The Union Government is set to present the Budget in Parliament soon, and expectations among the general public are already running high. While last year’s tax cuts provided significant relief to salaried individuals, those following the old tax regime were left disappointed as no specific benefits were announced for them. Against this backdrop, an intense debate has emerged over whether Budget 2026 will completely phase out the old tax regime or introduce reforms that offer broader public benefit.
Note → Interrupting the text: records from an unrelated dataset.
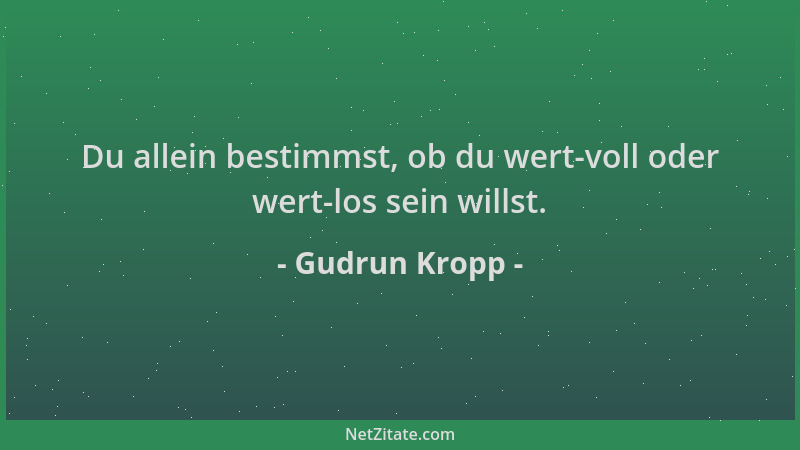 Gudrun Kropp - Du allein bestimmst, ob du wert-voll oder wert-los sein willst....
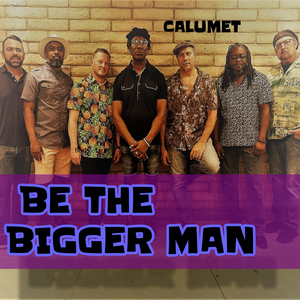 Be the Bigger Man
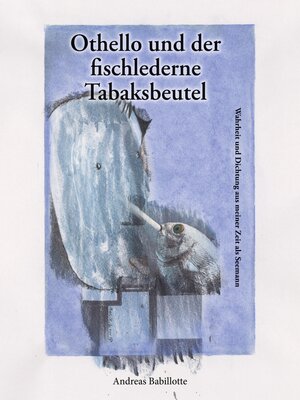 cover image of Othello und der fischlederne Tabaksbeutel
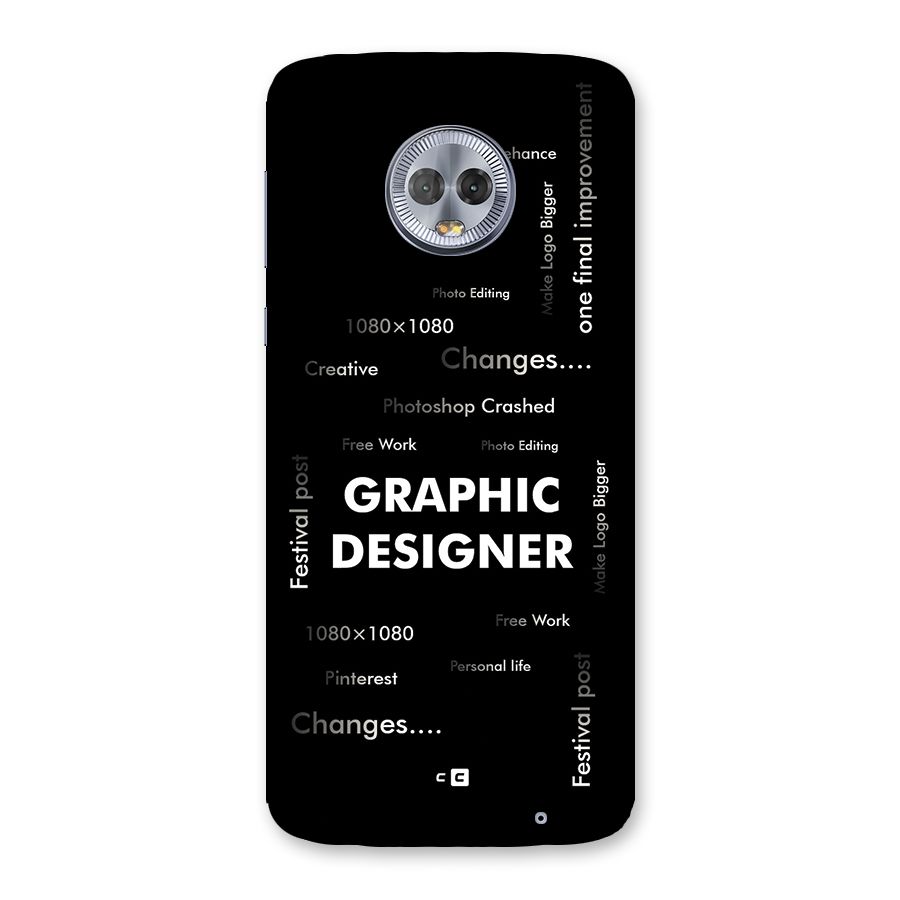 Graphic Designer Struggles Back Case for Moto G6 Plus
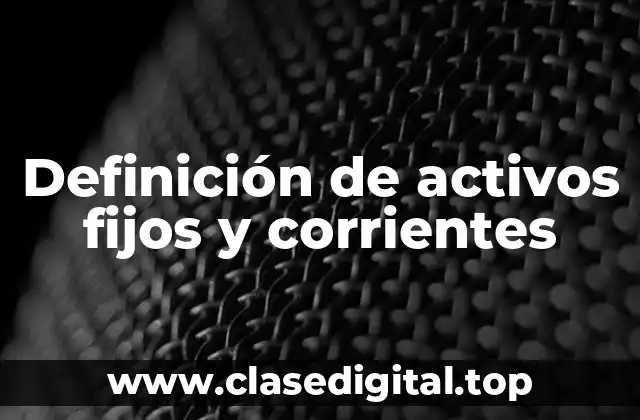 Definición de activos fijos y corrientes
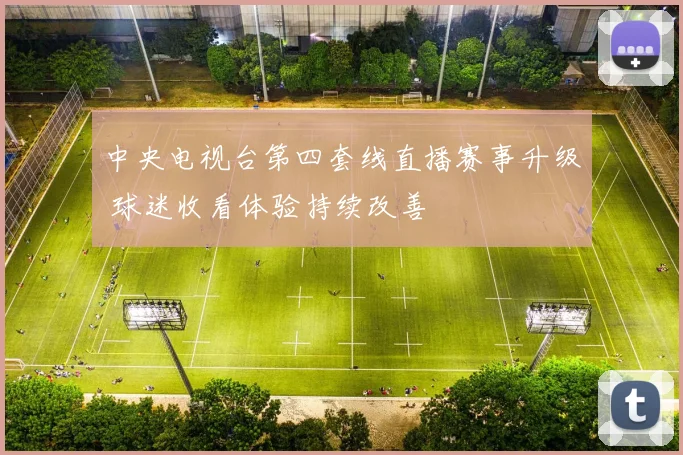 中央电视台第四套线直播赛事升级 球迷收看体验持续改善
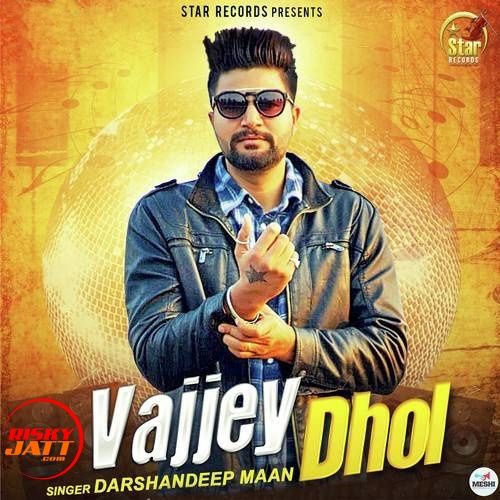 Vajjey Dhol Darshandeep Maan Mp3 Song Free Download
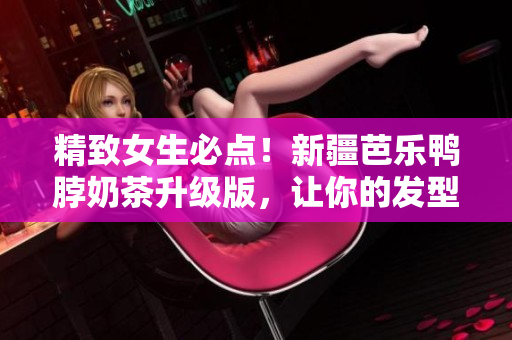 精致女生必点！新疆芭乐鸭脖奶茶升级版，让你的发型更有活力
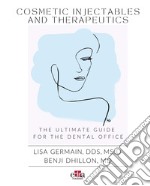 Cosmetic injectables and therapeutics. The ultimate guide for dental office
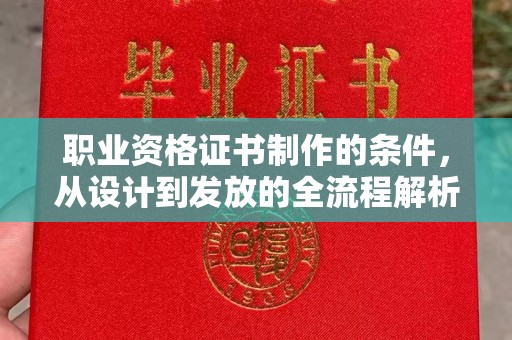 剑阁职业资格证书制作的条件，从设计到发放的全流程解析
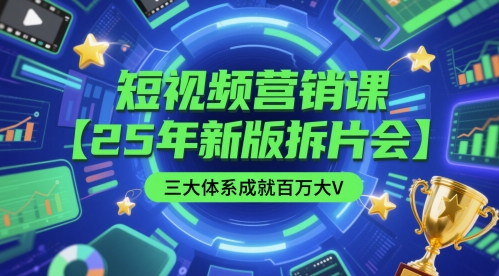 短视频营销课【25年新版拆片会】三大体系成就百万大V，包含正课、拆片会、手把手教学直播课等-逐浪前行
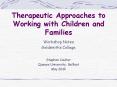 Therapeutic Approaches to Working with Children and Families PowerPoint PPT Presentation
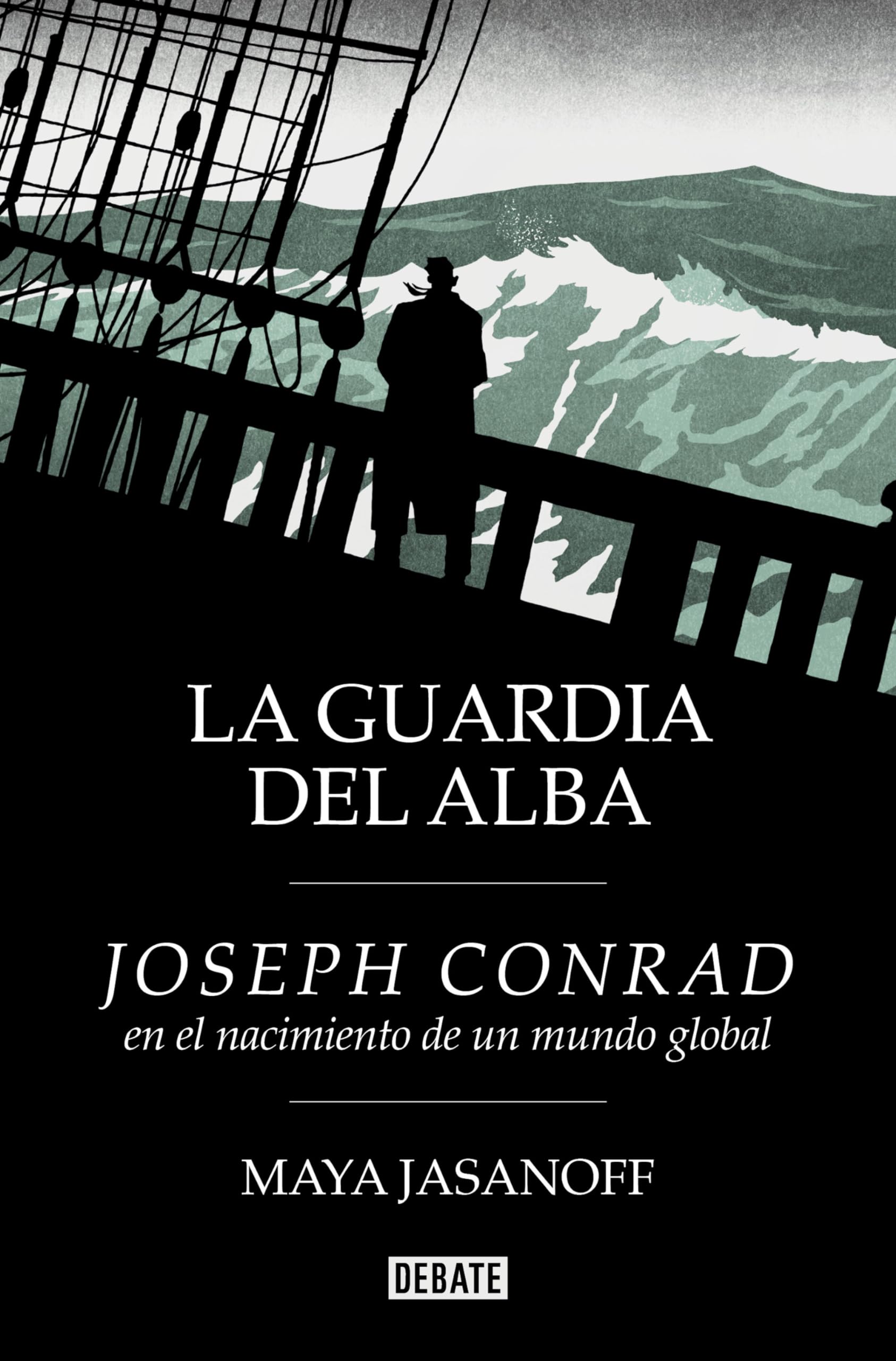 La guardia del alba: Joseph Conrad en el nacimiento de un mundo global book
In the previous Budget, increasing the standard deduction to ₹75,000 and enhancing the Section 87A rebate up to ₹60,000 brought substantial relief to the middle class. As a result, individuals with annual incomes of up to ₹12 lakh were exempted from paying income tax. However, the slabs, deductions, and exemptions under the old tax regime remained unchanged. This has led to growing discussions on whether the upcoming Budget will introduce changes to benefits such as Sections 80C and 80D, home loan interest deductions, and NPS incentives, or whether the old tax regime will be brought to an end altogether. There is also speculation that limited exemptions for investments in insurance, retirement planning, and real estate may be introduced under the new tax regime to strike a better balance.
At the same time, there are strong demands to simplify income tax rules, speed up ITR refunds, and address persistent issues related to TDS, frequent income tax notices, and lack of clarity in compliance requirements. Calls are also growing for special tax slabs, higher rebates, and enhanced health-related deductions for senior citizens. However, experts believe that major tax cuts may be unlikely this year. Instead, the government is expected to focus on further simplifying and rationalising the new tax regime, aiming for a more balanced and taxpayer-friendly framework.